Nothing But Flowers
Painter Alexis Rockman grew up in New York City’s American Museum of Natural History. His mother was Margaret Meade’s secretary and as a boy he had plenty of time to study the botanical illustrations, dioramas, and landscape paintings of the museum’s collections. The influence is apparent in Rockman’s work, both its style and substance. He is an artist mesmerized by natural worlds – those past, those future, and those of the neverland surreal.
Rockman, a former columnist and freelance at Natural History magazine, is a technically fastidious naturalist. His flowers would fit in any horticulture catalogue; his birds are Audubon-worthy. But while the bugs and beasts of Rockman’s paintings are rendered with realist accuracy, his imagination leans toward the sci-fi. In a painting from his series Future Evolution a rat becomes a strange, long-toothed, kangaroo-like creature. A common rooster turns into six-winged freak and a squash plant puts out brick-shaped fruits in a painting about the perversity of genetic engineering, part of a series with the sardonic title Wonderful World.
Rockman is an outspoken environmental advocate (one of his dearest causes is the restoration of his hometown river, the Hudson), and his paintings often contain allegories about controversial issues like nuclear energy and climate change. He is preoccupied with how humanity is impacting the natural world and, even more so, how that impact threatens to stretch into the future.
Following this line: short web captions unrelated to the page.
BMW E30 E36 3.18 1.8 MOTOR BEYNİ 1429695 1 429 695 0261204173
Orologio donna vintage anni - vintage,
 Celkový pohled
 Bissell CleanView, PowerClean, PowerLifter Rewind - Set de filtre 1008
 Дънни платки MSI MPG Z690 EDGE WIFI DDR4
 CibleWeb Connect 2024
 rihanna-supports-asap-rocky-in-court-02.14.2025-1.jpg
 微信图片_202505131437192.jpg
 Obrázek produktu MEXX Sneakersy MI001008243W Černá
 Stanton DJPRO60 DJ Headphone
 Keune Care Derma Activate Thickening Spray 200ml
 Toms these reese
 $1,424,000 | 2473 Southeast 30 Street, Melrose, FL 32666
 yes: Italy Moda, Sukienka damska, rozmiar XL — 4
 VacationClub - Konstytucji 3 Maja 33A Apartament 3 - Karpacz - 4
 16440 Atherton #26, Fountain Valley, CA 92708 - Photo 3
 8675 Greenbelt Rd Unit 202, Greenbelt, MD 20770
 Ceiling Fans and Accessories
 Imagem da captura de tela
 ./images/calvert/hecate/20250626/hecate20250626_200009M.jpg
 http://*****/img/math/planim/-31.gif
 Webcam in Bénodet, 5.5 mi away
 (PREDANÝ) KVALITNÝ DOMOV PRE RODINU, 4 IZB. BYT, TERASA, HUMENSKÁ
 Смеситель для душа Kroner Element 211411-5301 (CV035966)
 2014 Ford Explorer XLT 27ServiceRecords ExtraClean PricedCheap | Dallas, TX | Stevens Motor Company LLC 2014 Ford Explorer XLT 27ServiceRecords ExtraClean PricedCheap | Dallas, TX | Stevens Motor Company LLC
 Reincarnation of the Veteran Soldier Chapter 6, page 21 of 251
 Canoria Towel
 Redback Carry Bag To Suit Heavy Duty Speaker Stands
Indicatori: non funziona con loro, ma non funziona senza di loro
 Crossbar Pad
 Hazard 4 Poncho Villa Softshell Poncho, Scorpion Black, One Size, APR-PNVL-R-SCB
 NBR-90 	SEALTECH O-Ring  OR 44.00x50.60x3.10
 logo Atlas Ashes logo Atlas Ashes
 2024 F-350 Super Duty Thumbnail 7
One of his most acclaimed projects is a series called American Icons, which ponders what Earth will look like a few millennia from now, after cataclysmic global warming has done its work. The centerpiece of the series is an epic 8 by 24 foot mural commissioned by the Brooklyn Museum of Art. Cheekily titled Manifest Destiny, it plays with the idea of the Brooklyn Bridge under 80 feet of water. Civilization is a wreck in Rockman’s panorama. Trees climb up the remains of one of the world’s most famous human structures. The skyline is submerged and fish frolic amid the flotsam of the ruins. Other paintings in the series imagine a tattered Hollywood sign overgrown with thistles, the St. Louis Gateway Arch swaddled in tropical vines.
Visions of the postdiluvian future could easily descend into the gloomy or the melodramatic. But Rockman’s imaginings steer clear of Mad Max dystopias. There’s a usually a wit and a whimsy about his canvases. A painting called The Conversation (from his earlier Expeditions series) features a hunter on safari sharing an evening whiskey with an ape. At first, Disney World I from American Icons seems spooky: a tattered and abandoned Epcot globe surrounded by sepulchre-gray mists. But look in the foreground – there’s a boar humping some kind of oversized rodent.
This faith in nature’s unquenchable vitality provides hopefulness to Rockman’s apocalypse fantastiques. The frog flopping into a lake at the base of Greenwich Village’s Washington Square Arch looks to be having a blast. The seals nosing about the ruins of Brooklyn have no idea anything has gone wrong. No matter how determined humanity is to wreck this place, Rockman seems to saying, the planet will continue to teem with life. The only thing is, we may no longer be in the picture.
Last year the Smithsonian American Art Museum exhibited a retrospective of Alexis Rockman’s career. You can view his work at www.alexisrockman.net.
This article has been amended from its original version to include factual corrections.